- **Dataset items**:
[Start of section]

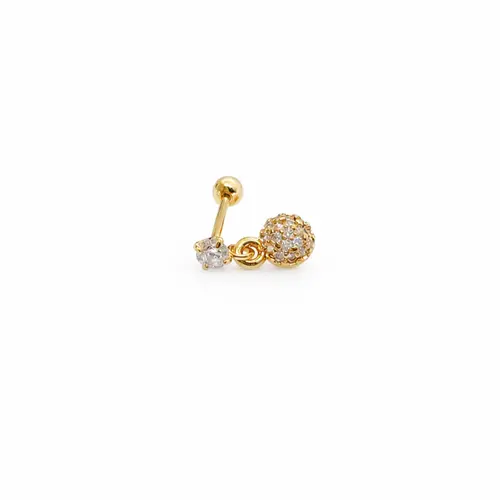 PIERCING ALICE BANHADO A OURO 18K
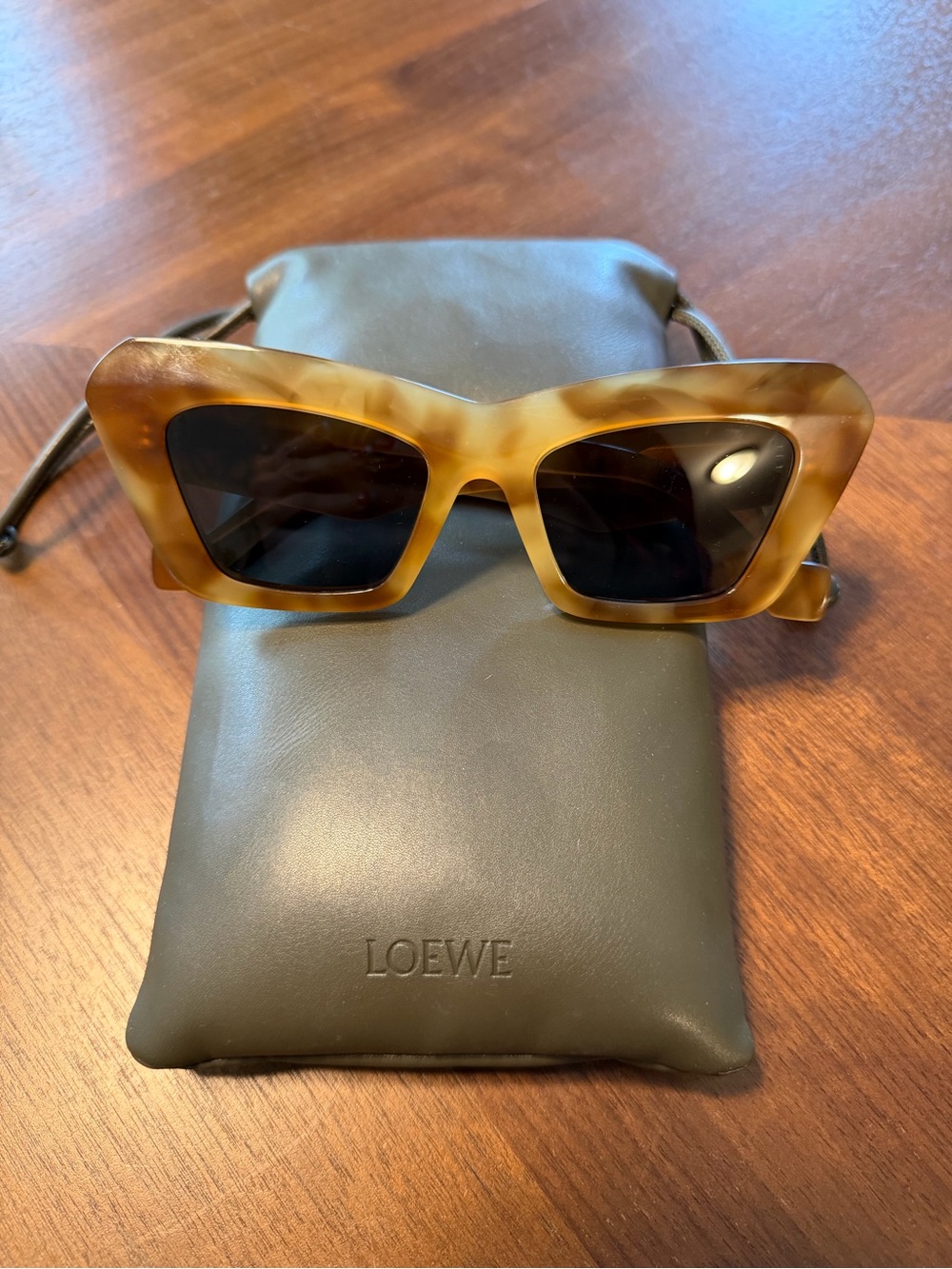 Loewe Anagram Cat Eye Sunglasses in Shiny Blonde Havana
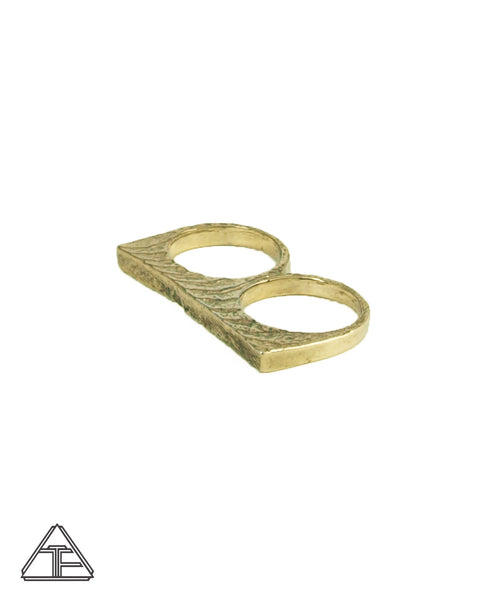 Lamina Lattice: 14K Yellow Gold Double Ring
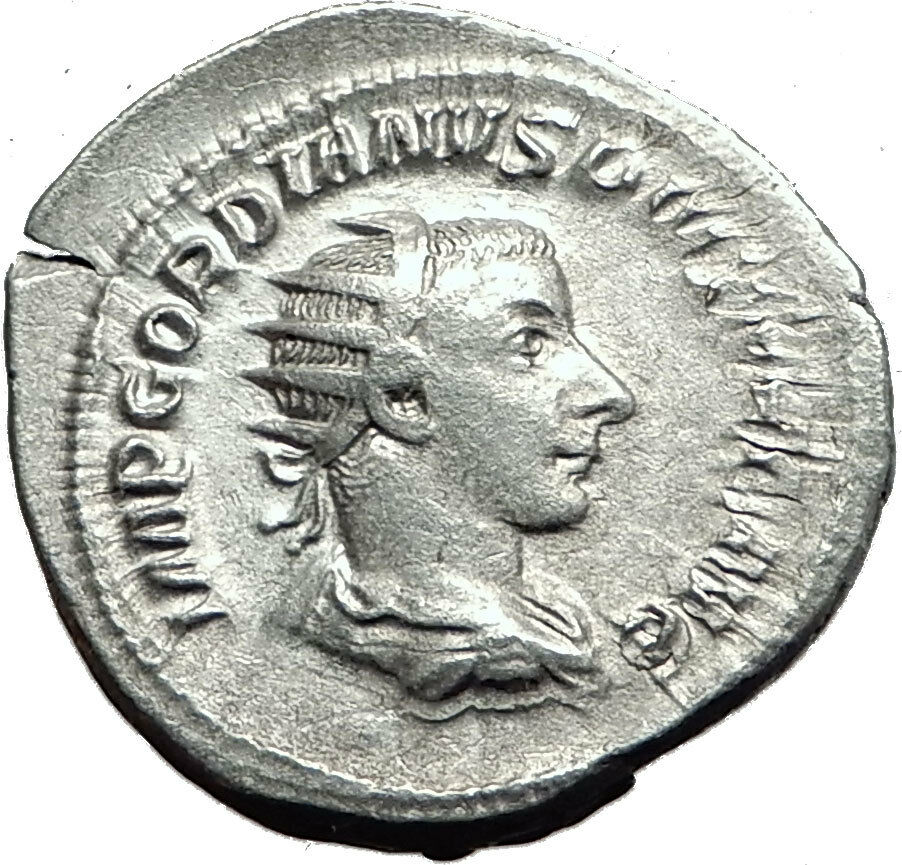 GORDIAN III 244AD Authentic Genuine Ancient Silver Roman Coin Victory i59050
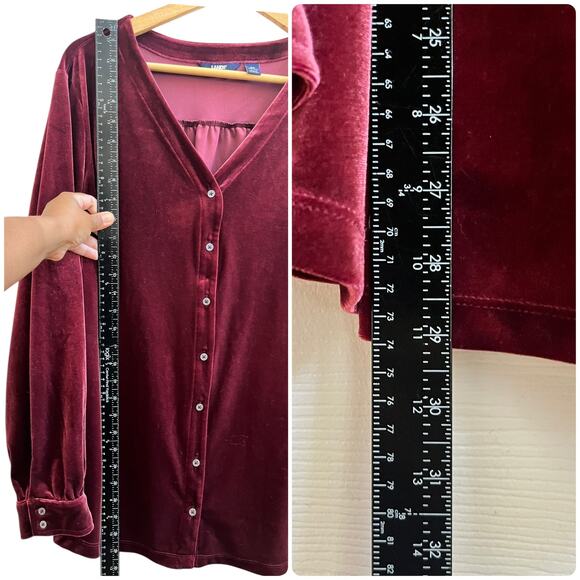 Lands End Rich Burgundy Velvet V Neck Long Sleeve Button Down Blouse Size 3X - Picture 10 of 12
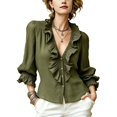 Sorvello Womens Ruffle Front Woven Blouse V Neck Button Down Puff ...
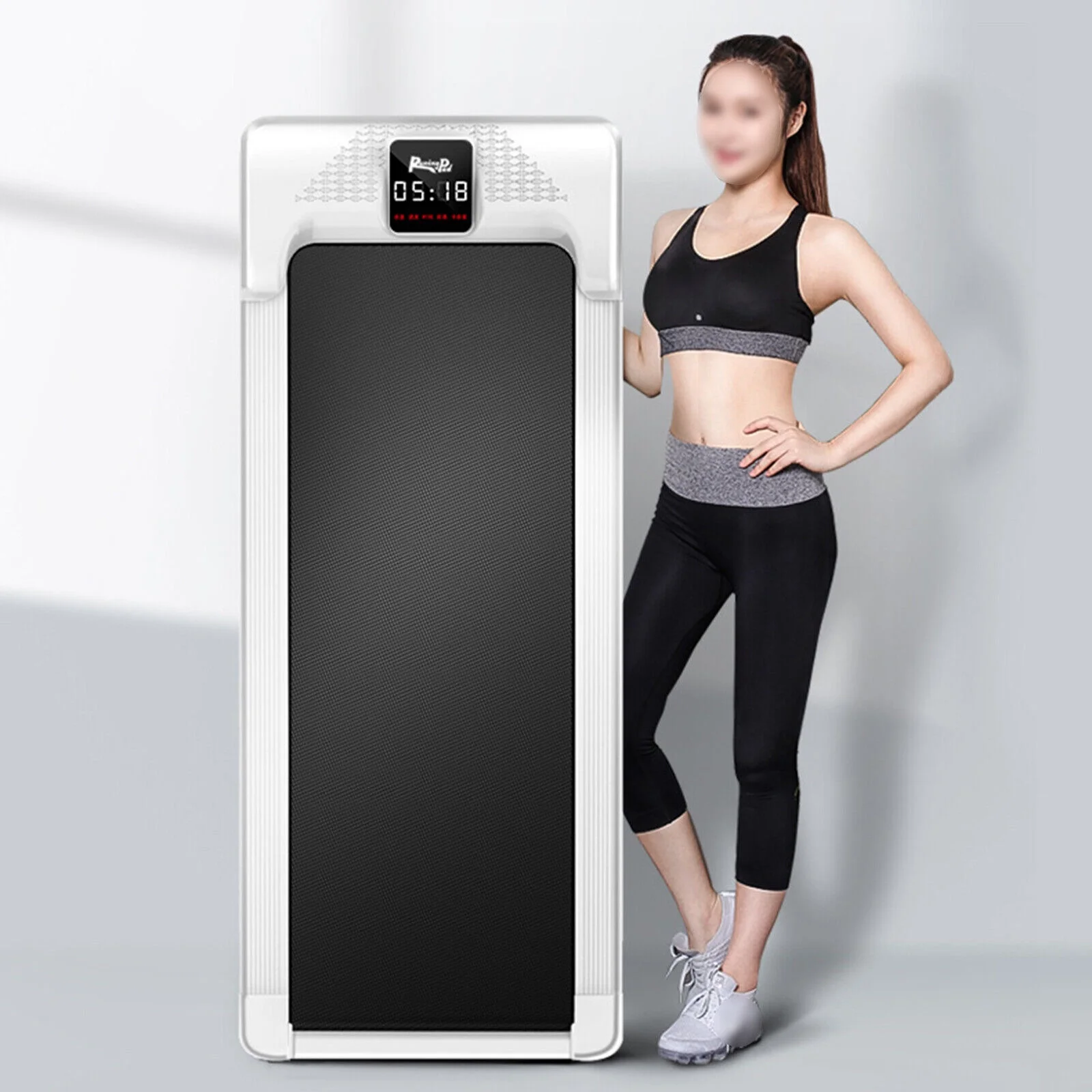 1-6KM/Hour HD Display Portable Electric Treadmill Under Desk Walking Pad Home Office Fitness Exercise 0.5hp100kg/220lbs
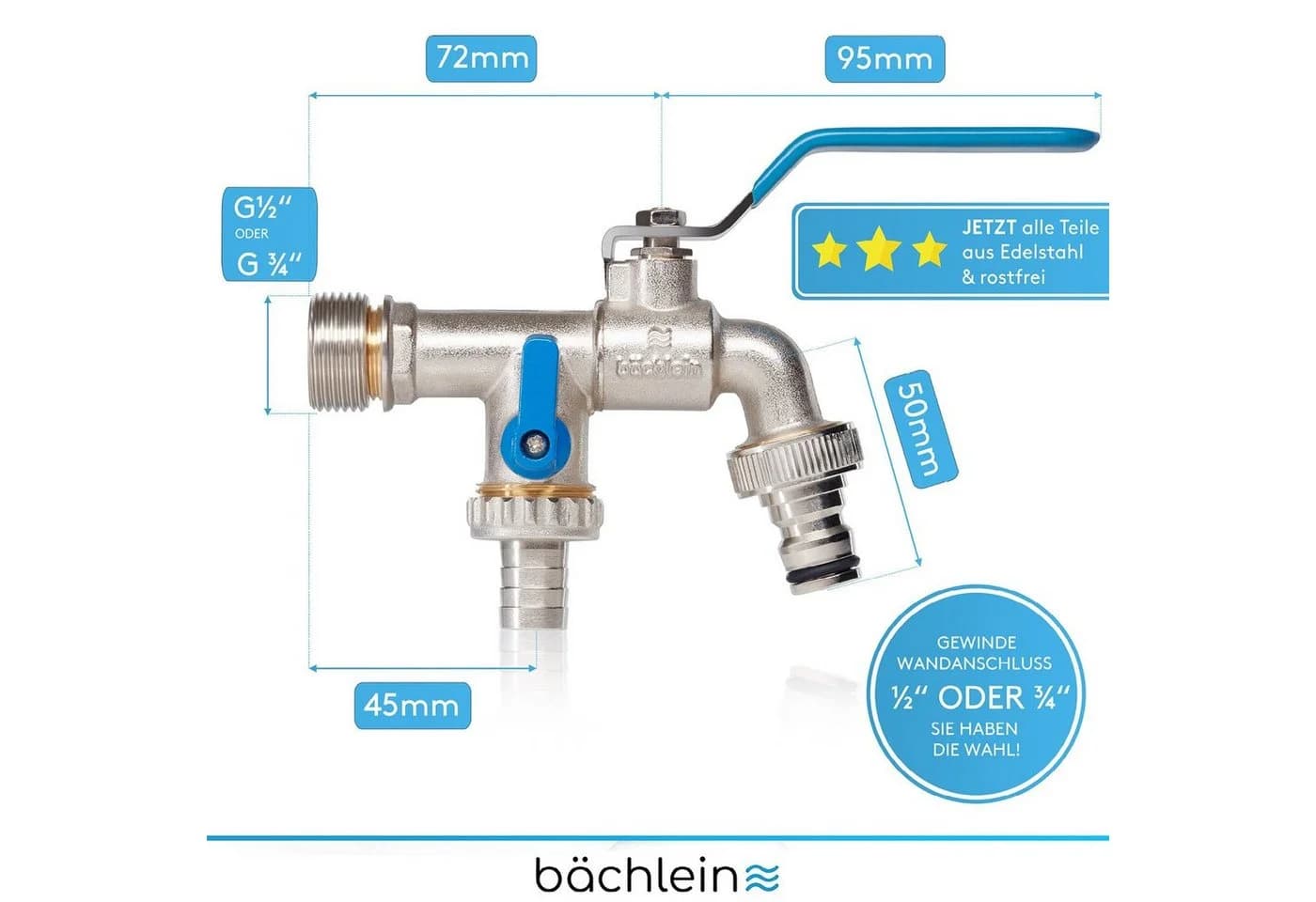 Bächlein Auslaufventil Doppel-Wasserhahn Garten Blau - Bild 4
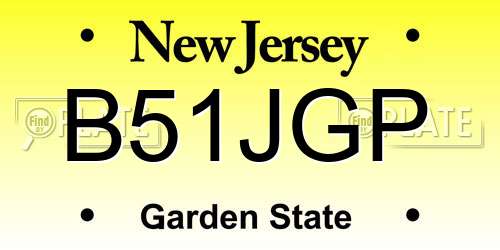 B51JGP New Jersey License Plate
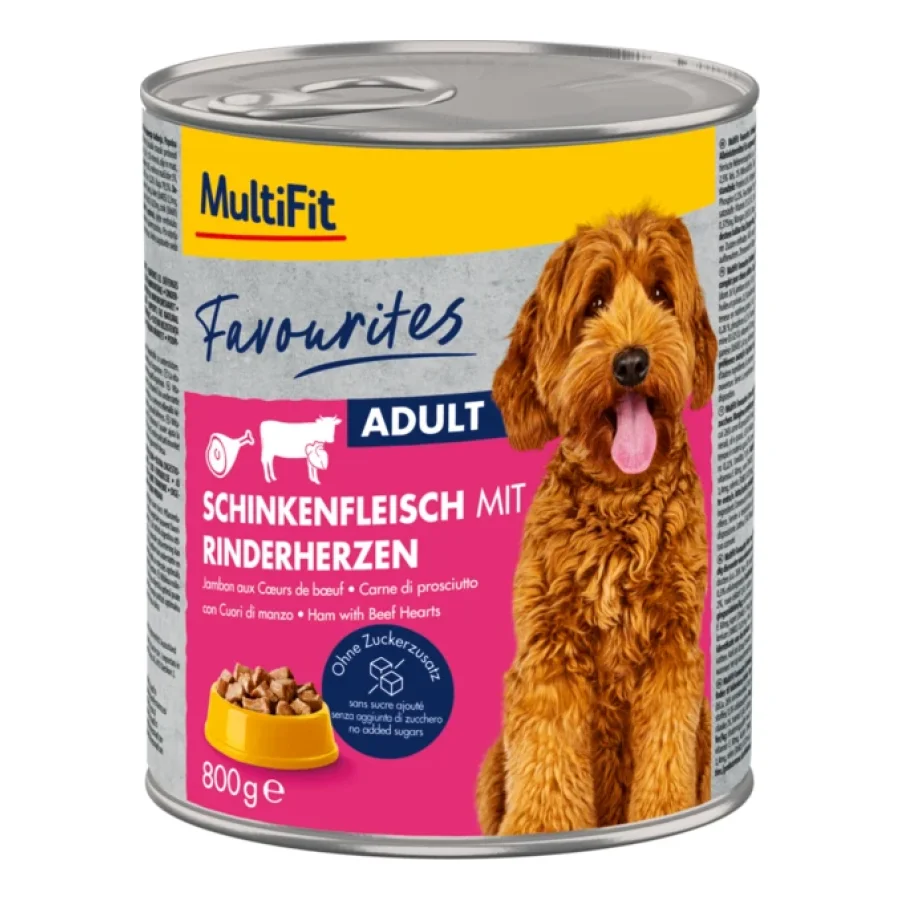 MultiFit Favoris Nourriture humide Chien Adulte Jambon avec cœurs de bœuf 6x800 g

[End of section]

- **Aim of the task**:
The answer must be the exact lines from the line with "GORDIAN III 244AD" to the final line of the data, both ends included, with no pictures.

- **Result**:
 GORDIAN III 244AD Authentic Genuine Ancient Silver Roman Coin Victory i59050
 Lands End Rich Burgundy Velvet V Neck Long Sleeve Button Down Blouse Size 3X - Picture 10 of 12
 Sorvello Womens Ruffle Front Woven Blouse V Neck Button Down Puff ...
 1-6KM/Hour HD Display Portable Electric Treadmill Under Desk Walking Pad Home Office Fitness Exercise 0.5hp100kg/220lbs
 Bächlein Auslaufventil Doppel-Wasserhahn Garten Blau - Bild 4
 B51JGP New Jersey License Plate
 MultiFit Favoris Nourriture humide Chien Adulte Jambon avec cœurs de bœuf 6x800 g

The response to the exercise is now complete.